The mistletoe threw back his head (or what passed for one) and screamed, “MY NAME IS HL-986! YOU KILLED MY COUSIN! PREPARE TO DIE!” The last syllable echoed faintly across the now-silent apartment. No one said a word. No one knew quite what to say.

Finally, James, broke the silence, “Now close your eyes and make a wish…”

“Ha!” said the mistletoe, “I wish you all stomach pain and muscle weakness! I wish that you feel the strength of my poison! I wish…”

“...SILENTLY!” finished James.

Once again, silence reigned. Remus closed his eyes and pondered about what to wish for. He briefly considered making the moon disappear, but reconsidered because of what that might do to the tides. For a fleeting moment, he thought about making himself not a werewolf, but, in truth, he lacked the confidence that there was anything that powerful. Other than that, he had all he needed: good friends (even if they were a bit batty), a good education, a warm cozy apartment with the man he loved… and then it hit him.

“Time to open your eyes!” James said brightly, and Remus felt Sirius squeeze his hand.

“Oh,” cried Peter sadly, “My wish didn’t come true.”

“Whatever did you wish for?” asked Lily.

“NO! Don’t say it!” broke in James. “There might still be time! If you say it aloud before it happens, it won’t come true!”

“Hey, look,” said Sirius, pointing happily at the convulsing form of HL-986, “Our little mate seems to be a bit preoccupied!” He carefully reached into the tree branches and gingerly picked-up the trembling sprig. As he did so, thousands of tiny, silver specs floated off into the pine-scented air.

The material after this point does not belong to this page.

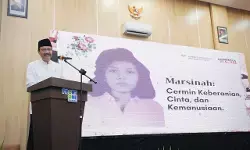 Di seminar usulan Marsinah Pahlawan Nasional, Gus Ipul: Keberaniannya mengguncang nurani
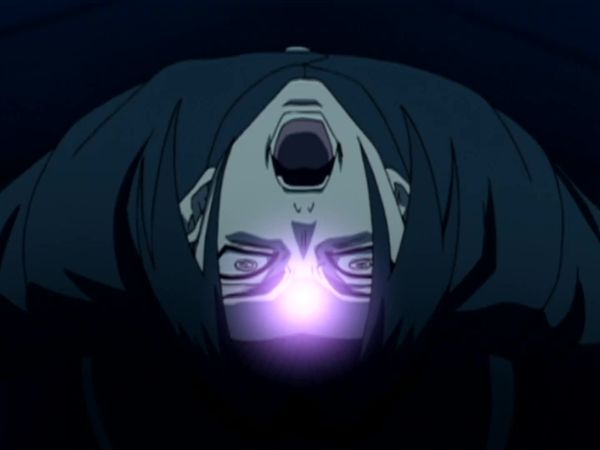 Buso Renkin - The Butterfly of Black Death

HL-986 writhed and scratched, whimpered and whined. “Mmmmnnnnth,” he cried piteously.

“Well,” said Remus with a smile of geniune surprise. “It seems my wish came true already.”

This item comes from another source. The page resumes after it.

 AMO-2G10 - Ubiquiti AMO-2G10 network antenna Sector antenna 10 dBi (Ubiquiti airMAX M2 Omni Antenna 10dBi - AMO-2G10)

“What did you wish for, love?” asked Sirius, slipping his arm around his boyfriend.

Remus sighed and snuggled into Sirius’ hideous, purple robes. “Nargles!” he replied. “My crazy Uncle Hifflerump always cautioned me to be wary of mistletoe, lest it be infested with nargles.”

And so passed the first (and only) Jovenalia of Remus’ life. Though relieved and happy when the real Christmas decorations appeared, he would be forever grateful for - and just a tad bit incredulous about - his Jovenalia wish.